### What you need to do
Please output exactly the lines below, starting at the line that has "Apartamento, 4 quartos, 112 m² - Foto 7" and ending at the line that has "Julia Boylan", both included; leave out all pictures and include nothing else.

** Available data follows **

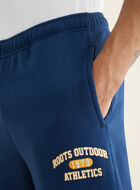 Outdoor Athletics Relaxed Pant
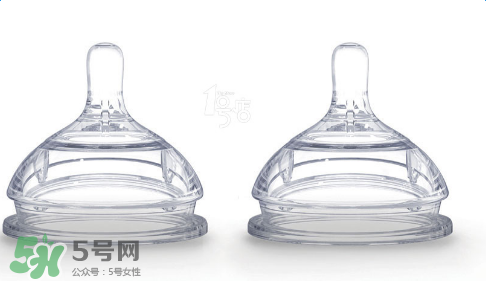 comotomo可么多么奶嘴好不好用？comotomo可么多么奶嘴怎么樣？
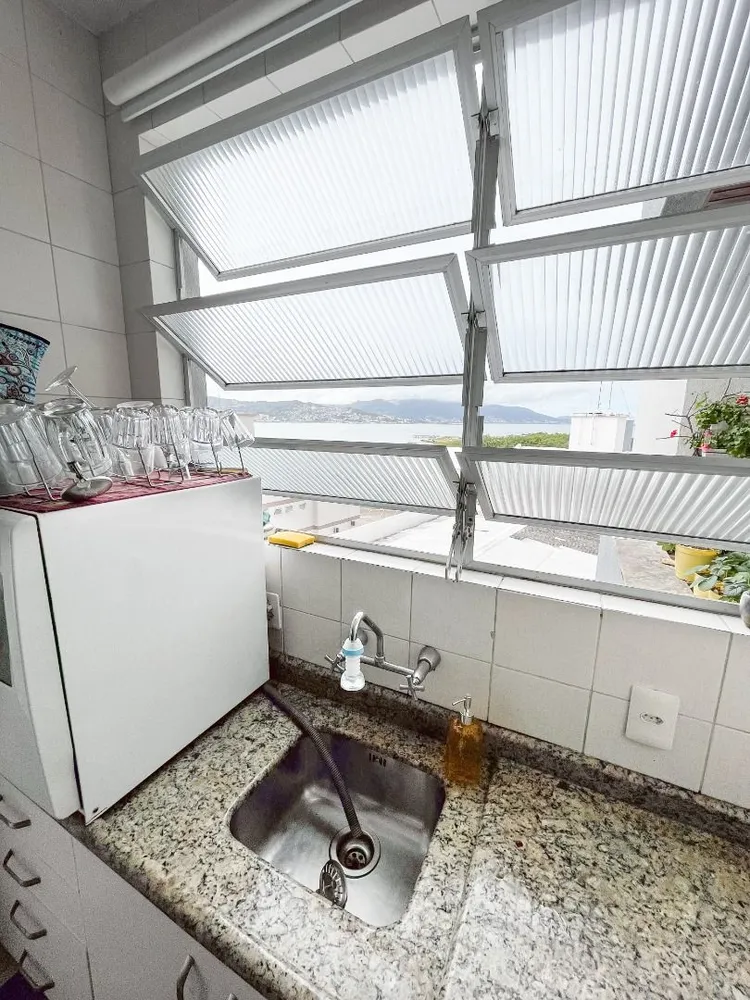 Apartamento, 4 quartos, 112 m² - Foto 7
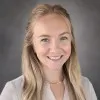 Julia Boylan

** End of Available data **
** Available data follows **

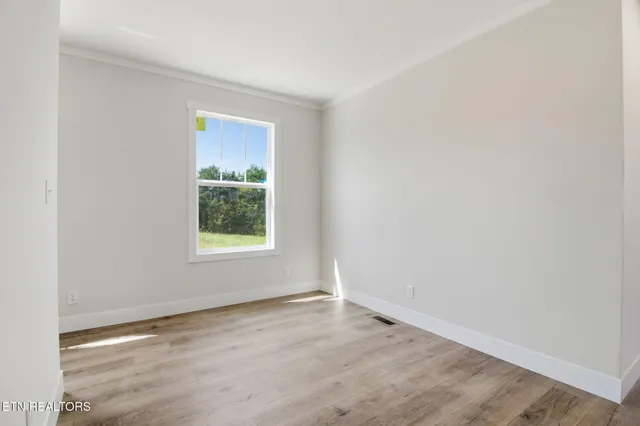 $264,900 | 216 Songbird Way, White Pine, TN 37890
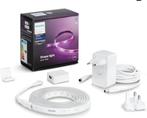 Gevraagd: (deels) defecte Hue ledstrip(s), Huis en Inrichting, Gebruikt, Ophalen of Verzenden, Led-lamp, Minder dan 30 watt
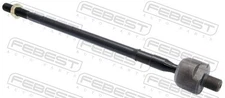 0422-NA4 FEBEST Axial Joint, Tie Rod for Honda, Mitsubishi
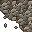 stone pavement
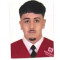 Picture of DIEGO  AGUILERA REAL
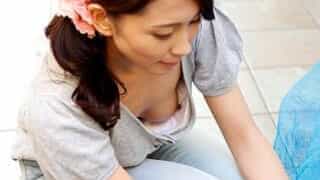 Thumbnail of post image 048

** End of Available data **
** Available data follows **

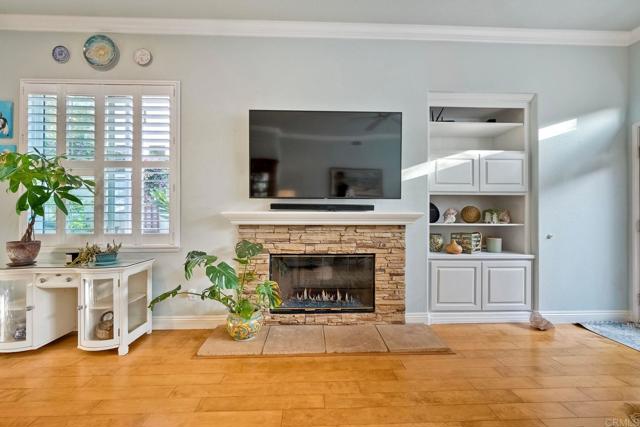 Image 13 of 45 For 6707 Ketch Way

** End of Available data **

### Result
 Apartamento, 4 quartos, 112 m² - Foto 7
 Julia Boylan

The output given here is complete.